Lucian Petrica published the paperFPGA optimized cellular automaton random number generator” in Elsevier Journal of Parallel and Distributed Computing

Abstract:

Pseudo-random number generators (PRNGs) are important to applications ranging from cryptography to Monte-Carlo methods. Consequently, many PRNG architectures have been proposed, including some optimized for FPGA, e.g the LUT-SR family of PRNGs which utilize embedded FPGA shift registers, and self-programmable cellular automaton (SPCA) PRNGs. However, LUT-SR and other PRNGs do not utilize key features of modern Xilinx FPGAs: embedded carry chains and splittable Look-Up Tables (LUTs), i.e., 6-input LUTs which can operate as two 5-input LUTs which share inputs.
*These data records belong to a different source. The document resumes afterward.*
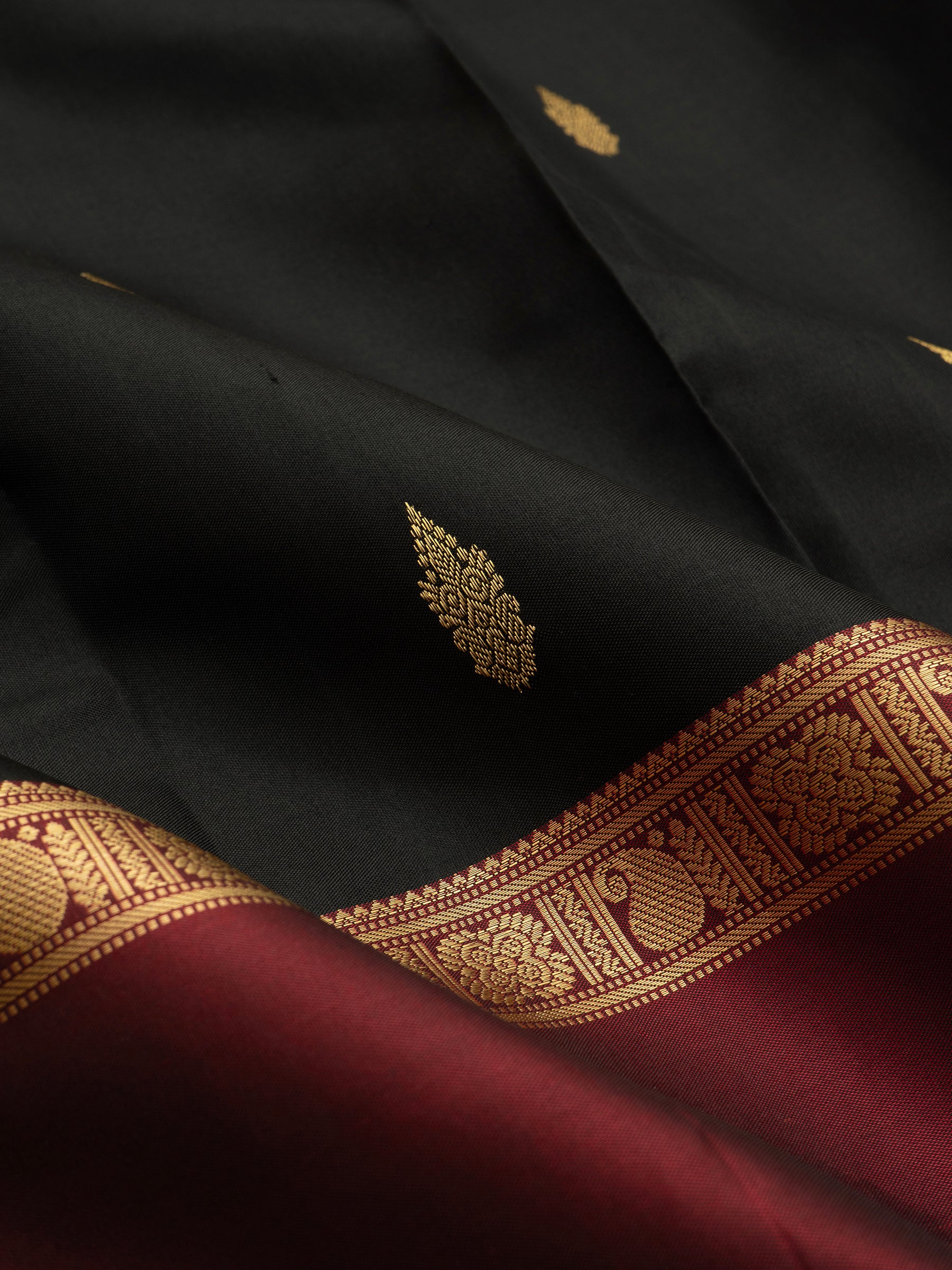 Black and Araku rettapet border/Special Edition Silk CLSA10302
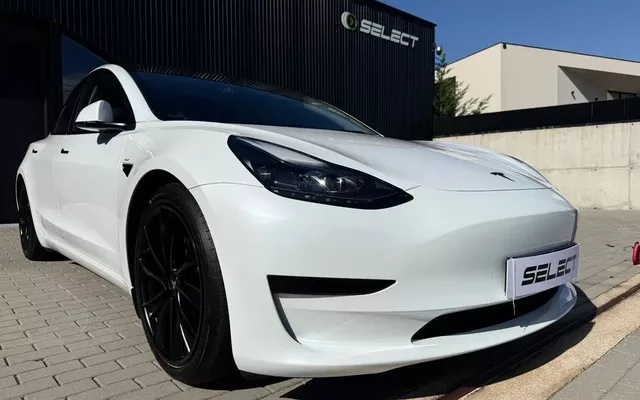 Tesla Model 3 Tração Traseira
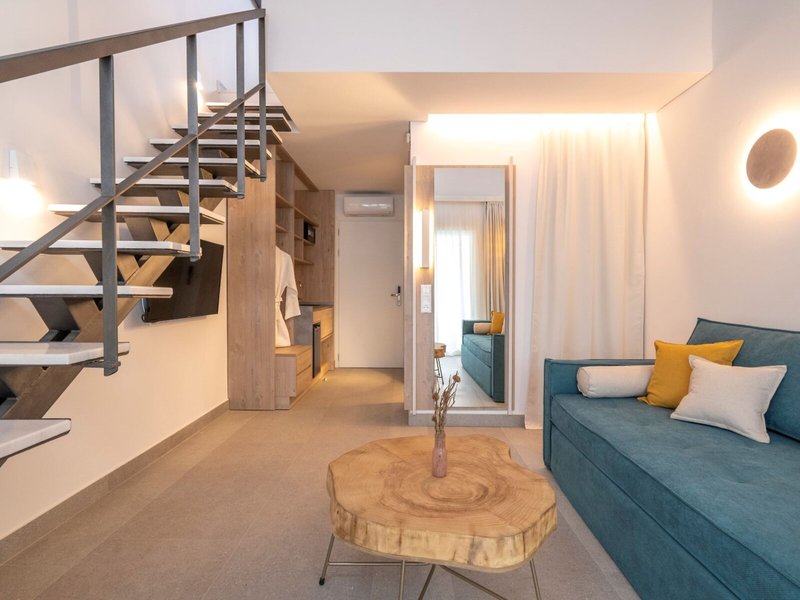 Mirablue Luxury Residences 6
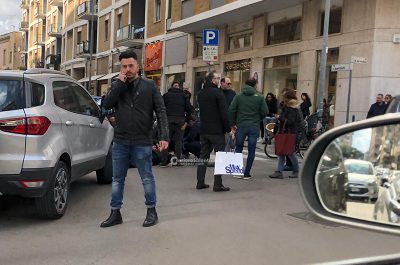 Investita sulle strisce pedonali nel pieno centro di Lecce, corsa in ospedale per una donna - Corriere Salentino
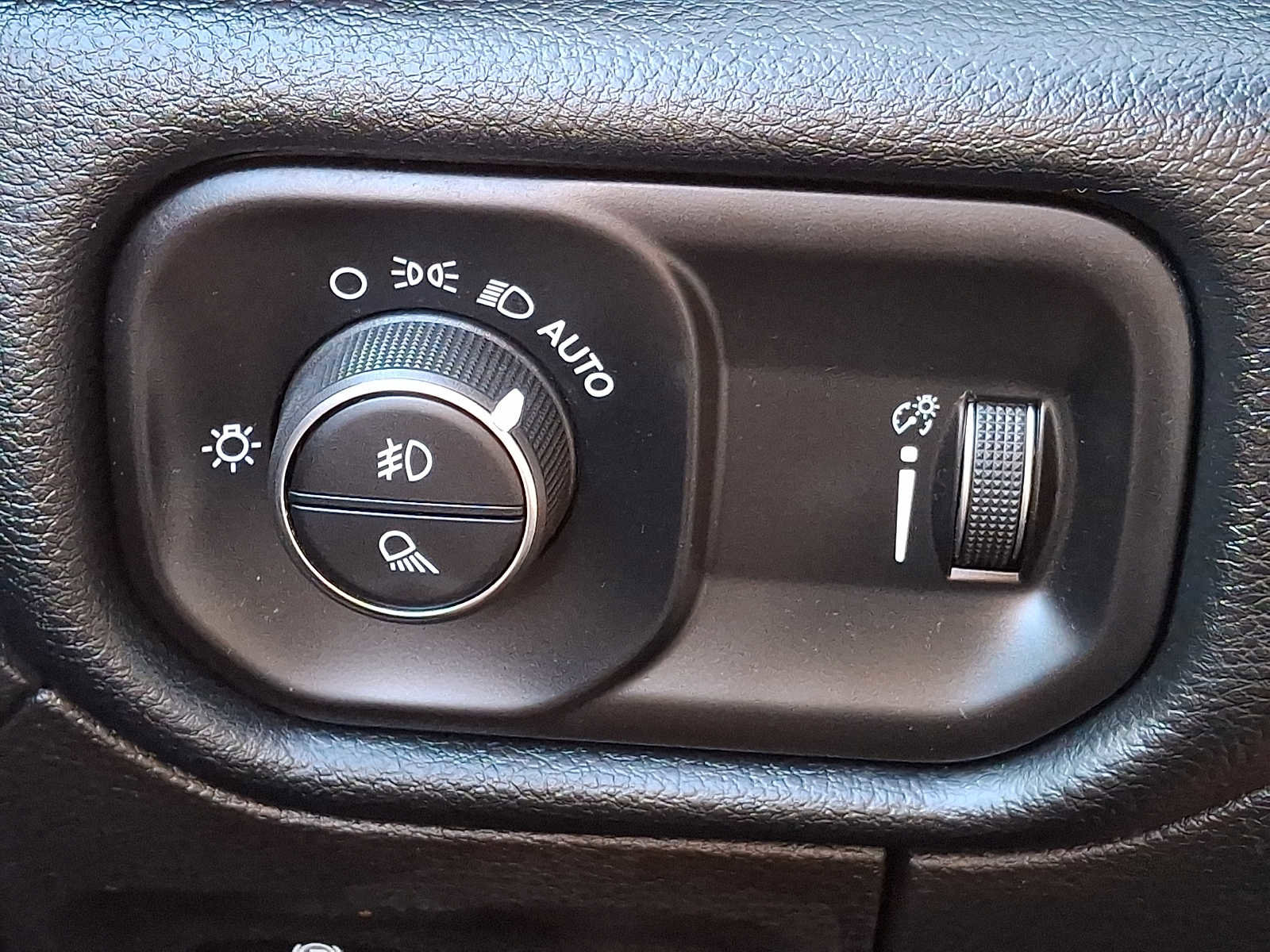 Used 2021 RAM 1500 Big Horn image 23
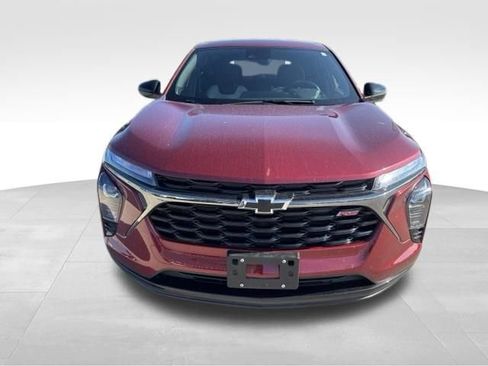 Certified 2025 Chevrolet Trax RS w/ Driver Confidence Package FWD image 8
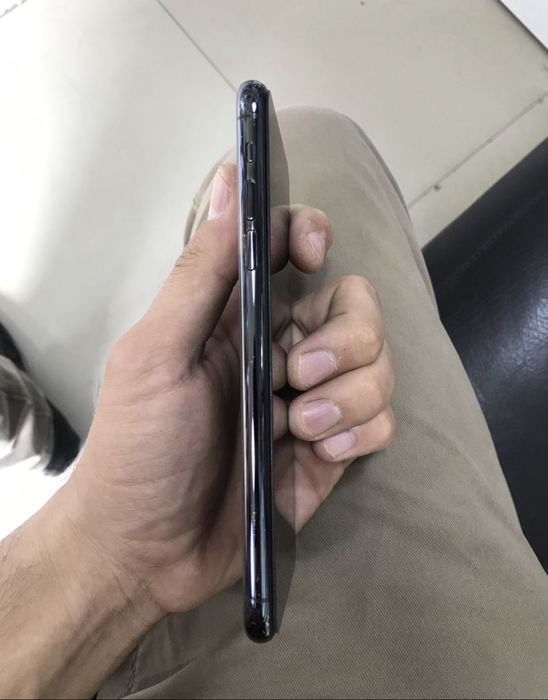 Iphone 11 pro max sotiladi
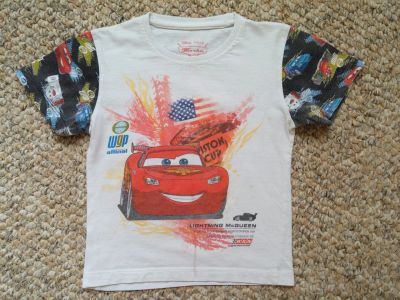 Лот: 7954001. Фото: 1. Классная футболка Молния Макквин... Футболки, поло, топы, лонгсливы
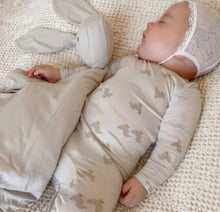 Load image into Gallery viewer, Gunamuna “Ducks” Convertible Bamboo Footie: Size 0/3M to 18/24M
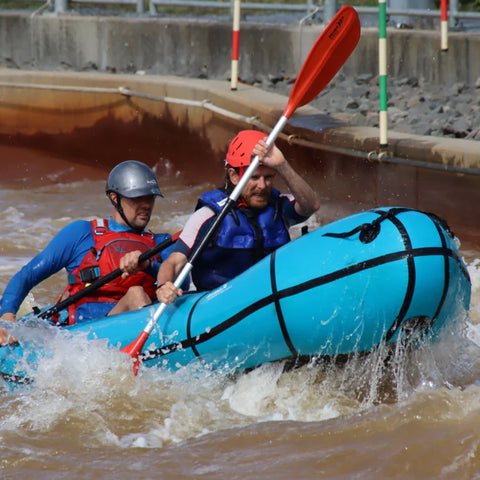 Anfibio Omega C2B+ i kraftig elvestryk. En robust og stabil tomanns packraft med ekstra oppdrift for teknisk padling. Foto: Matthias Henke.
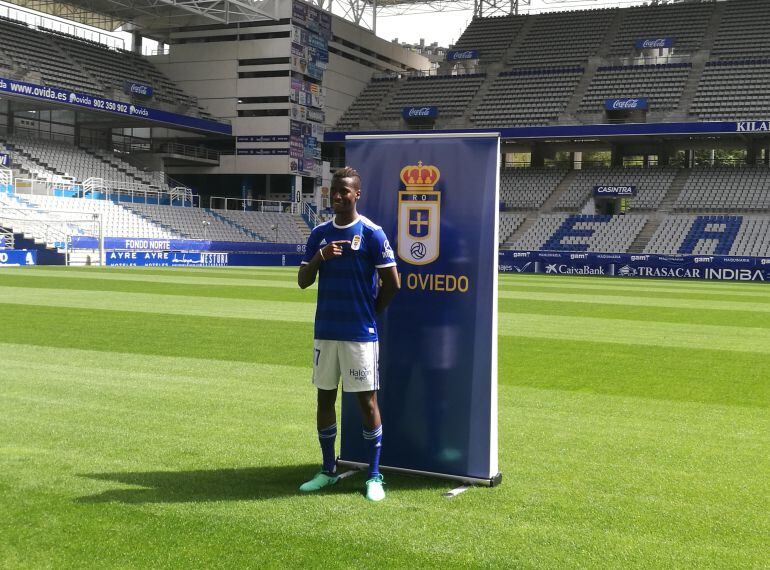 Ibrahima Baldé posa con la camiseta del Real Oviedo en el Carlos Tartiere.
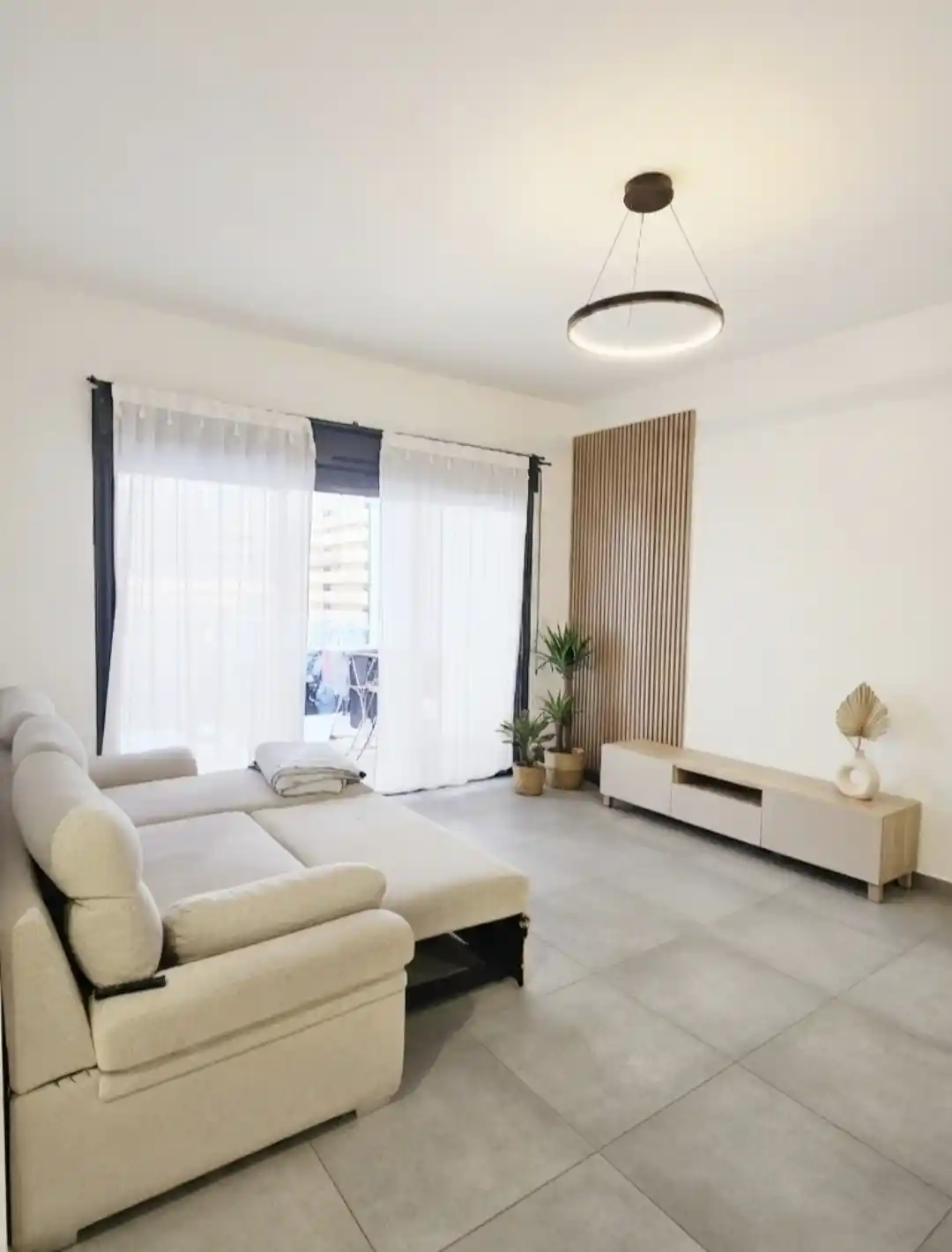 Photo 1 - Appartement à louer - Ancien 992 € 3 pièces 2 chambres 70.9 m² Saint-Pierre 97410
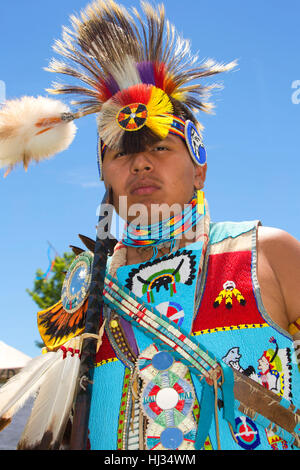 Junger Mann im Ornat, Pi-Ume-Sha Vertrag Tage, Warm Springs Indian Reservation, Oregon Stockfoto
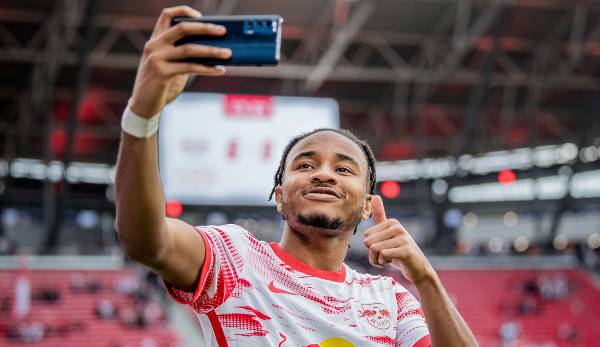 Selfie zur Feier des Tages: Leipzigs Christopher Nkunku lässt sich nach dem 6:0-Erfolg gegen die Hertha im Hinspiel ablichten. Zwei Tore und zwei Vorlagen hatte der Spieler des Spiels zum Kantersieg beigetragen.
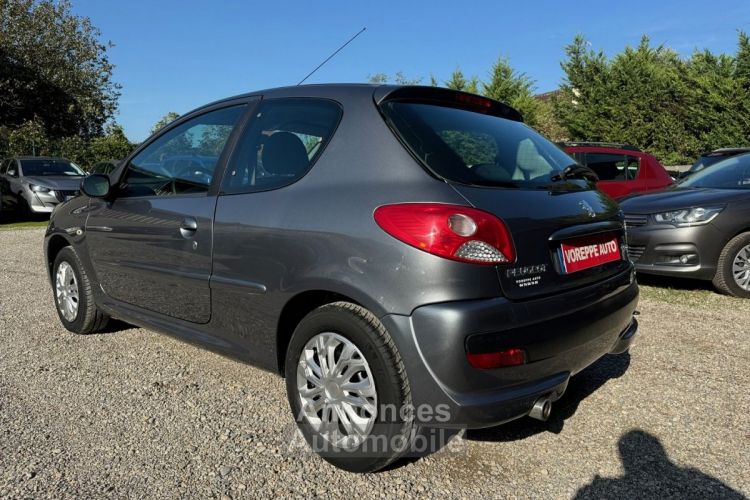 Peugeot 206 + 1.4 TRENDY EURO5 3P/ CRITAIR 1 / - <small></small> 5.999 € <small>TTC</small> - #6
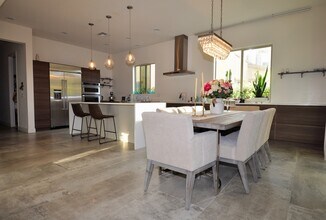 1462 E Goldcrest St in Gilbert, AZ - Foto de edificio - Building Photo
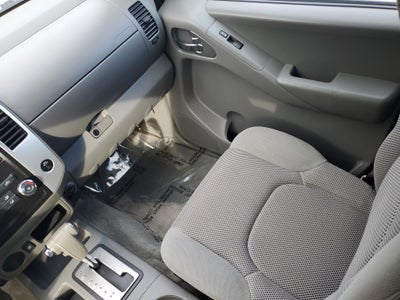 2011 Nissan Frontier SV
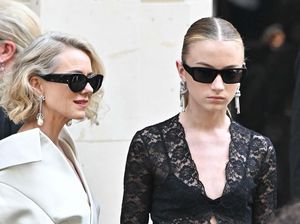 7 Transformasi Kontroversial Anak Naomi Watts yang Jadi Transgender di Usia 16 7 Transformasi Kontroversial Anak Naomi Watts yang Jadi Transgender di Usia 16
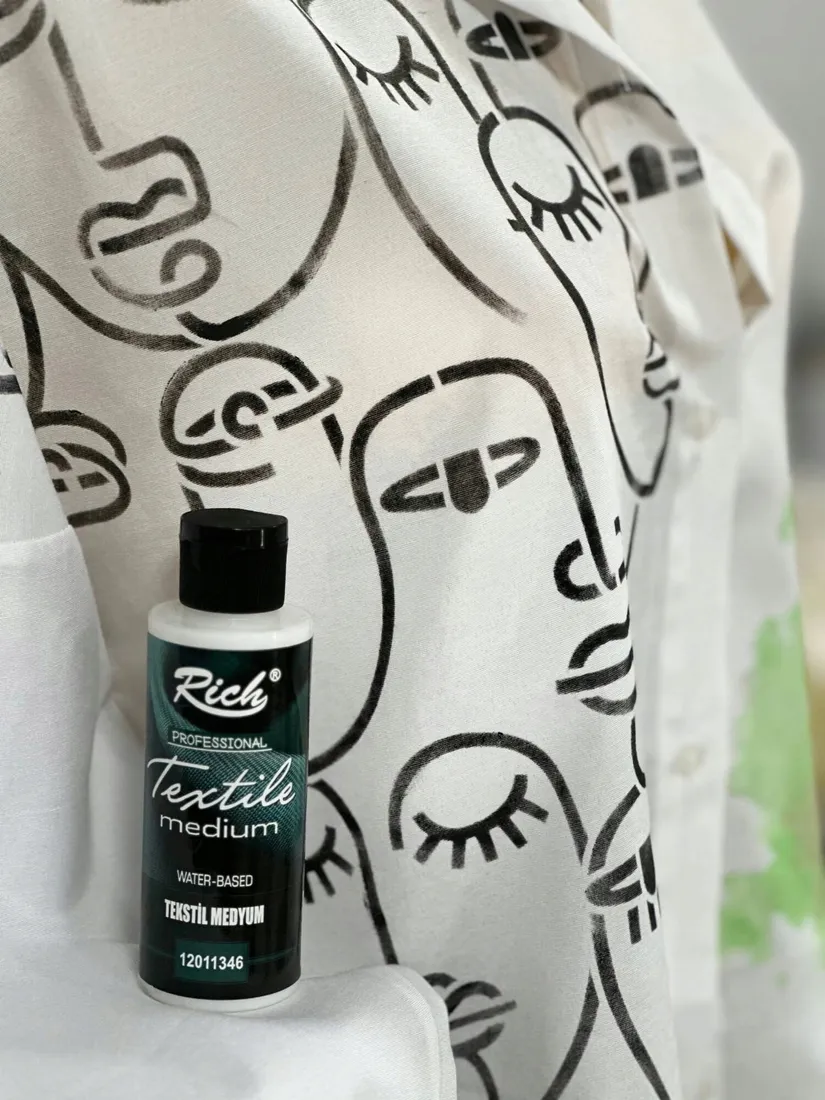 rich-textile-medium-medium-do-malowania-tkanin-120-ml
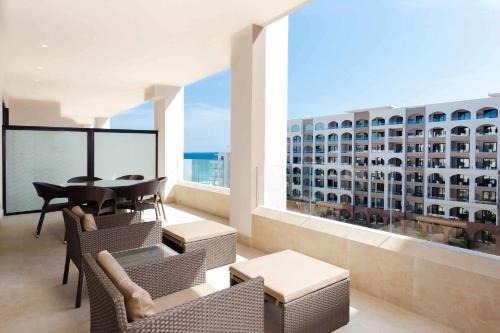 un balcone con tavolo e sedie e un edificio di 2BD Suite at Villa La Valencia Beach Resort a San José del Cabo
In this paper we explore the SPCA structure and derive a set of parameter constraints which allow a SPCA PRNG to produce 2 random bits per LUT in every clock cycle on modern Xilinx FPGAs. We determine this to be the maximum logic density achievable for SPCA, and propose an architectural improvement of SPCA to enable further density increase by making use of FPGA embedded carry chains as a method to compute an additional random bit per LUT in each clock cycle. The resulting Split-LUT-Carry SPCA (SLC-SPCA) PRNG achieves 6x improvement in logic density compared to LUT-SR, and a 1.5x density increase compared to SPCA. We evaluate the randomness of SLC-SPCA utilizing the NIST Statistical Test Suite, and we provide a power and energy comparison of LUT-SR and SLC-SPCA on a Xilinx Zynq 7020 FPGA device. Our results indicate that SLC-SPCA generates 3x more bits per clock at approximately the same power dissipation as LUT-SR, and consequently 3x less energy to generate 1 gigabit of random data. SLC-SPCA is also 1.5x more energy-efficient than a SPCA PRNG.